- Data extract
---

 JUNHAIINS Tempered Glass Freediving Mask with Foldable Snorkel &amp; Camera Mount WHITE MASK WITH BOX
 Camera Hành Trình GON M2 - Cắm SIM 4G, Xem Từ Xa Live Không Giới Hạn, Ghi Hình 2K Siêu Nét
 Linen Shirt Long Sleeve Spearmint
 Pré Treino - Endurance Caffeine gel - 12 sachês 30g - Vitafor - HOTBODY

---

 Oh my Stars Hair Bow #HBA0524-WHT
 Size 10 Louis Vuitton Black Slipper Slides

---

- Instructions to follow
Across the whole listing above, tally each line where the string "Camera" occurs, and give the number and nothing more.

- Reply
2